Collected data
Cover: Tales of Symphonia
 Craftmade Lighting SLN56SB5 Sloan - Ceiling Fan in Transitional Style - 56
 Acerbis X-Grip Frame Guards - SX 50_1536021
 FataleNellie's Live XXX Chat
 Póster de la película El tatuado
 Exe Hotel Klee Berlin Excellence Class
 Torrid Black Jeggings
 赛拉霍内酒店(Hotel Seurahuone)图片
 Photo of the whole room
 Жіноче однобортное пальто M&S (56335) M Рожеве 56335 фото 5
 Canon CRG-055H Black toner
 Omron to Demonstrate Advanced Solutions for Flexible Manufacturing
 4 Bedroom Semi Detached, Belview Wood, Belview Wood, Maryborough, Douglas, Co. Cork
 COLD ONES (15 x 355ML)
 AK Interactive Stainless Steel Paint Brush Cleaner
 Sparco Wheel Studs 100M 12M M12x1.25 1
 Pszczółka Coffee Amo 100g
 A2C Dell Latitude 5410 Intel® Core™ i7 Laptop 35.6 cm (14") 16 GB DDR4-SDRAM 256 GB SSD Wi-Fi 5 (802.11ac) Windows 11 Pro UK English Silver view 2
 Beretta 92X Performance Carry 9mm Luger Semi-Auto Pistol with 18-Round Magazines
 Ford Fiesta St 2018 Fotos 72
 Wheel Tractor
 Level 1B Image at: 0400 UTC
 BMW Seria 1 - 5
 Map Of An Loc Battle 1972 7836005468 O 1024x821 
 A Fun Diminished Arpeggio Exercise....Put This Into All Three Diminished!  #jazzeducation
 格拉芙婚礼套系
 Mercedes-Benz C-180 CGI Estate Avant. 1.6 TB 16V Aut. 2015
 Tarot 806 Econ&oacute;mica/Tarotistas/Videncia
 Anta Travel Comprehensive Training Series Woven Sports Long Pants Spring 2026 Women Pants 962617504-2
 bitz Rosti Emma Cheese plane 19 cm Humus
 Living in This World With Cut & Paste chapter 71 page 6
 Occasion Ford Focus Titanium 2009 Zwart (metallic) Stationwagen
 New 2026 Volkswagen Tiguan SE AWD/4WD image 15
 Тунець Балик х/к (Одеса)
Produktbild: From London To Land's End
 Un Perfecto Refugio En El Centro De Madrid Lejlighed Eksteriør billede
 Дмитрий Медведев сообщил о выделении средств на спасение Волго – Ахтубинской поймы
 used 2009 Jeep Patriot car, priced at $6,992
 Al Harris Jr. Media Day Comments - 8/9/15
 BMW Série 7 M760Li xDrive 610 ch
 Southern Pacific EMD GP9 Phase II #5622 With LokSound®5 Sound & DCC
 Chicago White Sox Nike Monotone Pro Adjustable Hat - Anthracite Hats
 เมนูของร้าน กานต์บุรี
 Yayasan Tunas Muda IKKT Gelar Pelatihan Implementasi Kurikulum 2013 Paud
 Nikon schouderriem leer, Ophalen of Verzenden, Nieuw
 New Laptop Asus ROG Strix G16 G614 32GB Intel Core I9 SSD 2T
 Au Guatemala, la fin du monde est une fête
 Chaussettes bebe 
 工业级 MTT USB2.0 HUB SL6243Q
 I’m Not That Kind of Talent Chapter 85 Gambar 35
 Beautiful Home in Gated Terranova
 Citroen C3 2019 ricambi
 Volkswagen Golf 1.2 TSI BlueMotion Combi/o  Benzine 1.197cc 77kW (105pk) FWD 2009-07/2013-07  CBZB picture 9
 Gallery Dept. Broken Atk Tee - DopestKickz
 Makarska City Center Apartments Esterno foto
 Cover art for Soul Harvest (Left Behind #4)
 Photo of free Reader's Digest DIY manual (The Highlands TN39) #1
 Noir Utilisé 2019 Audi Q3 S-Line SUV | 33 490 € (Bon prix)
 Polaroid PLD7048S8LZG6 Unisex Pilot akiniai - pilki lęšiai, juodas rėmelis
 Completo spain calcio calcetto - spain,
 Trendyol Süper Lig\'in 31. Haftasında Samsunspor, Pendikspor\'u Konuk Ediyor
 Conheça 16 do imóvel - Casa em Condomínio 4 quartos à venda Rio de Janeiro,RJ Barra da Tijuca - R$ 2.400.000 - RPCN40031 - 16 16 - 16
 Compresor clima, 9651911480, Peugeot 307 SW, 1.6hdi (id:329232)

What is expected
Starting at the line that has "Makarska City Center Apartments Esterno foto" and ending at the line that has "Completo spain calcio", please write out the lines above exactly, leaving out all others.

Response to the exercise
 Makarska City Center Apartments Esterno foto
 Cover art for Soul Harvest (Left Behind #4)
 Photo of free Reader's Digest DIY manual (The Highlands TN39) #1
 Noir Utilisé 2019 Audi Q3 S-Line SUV | 33 490 € (Bon prix)
 Polaroid PLD7048S8LZG6 Unisex Pilot akiniai - pilki lęšiai, juodas rėmelis
 Completo spain calcio calcetto - spain,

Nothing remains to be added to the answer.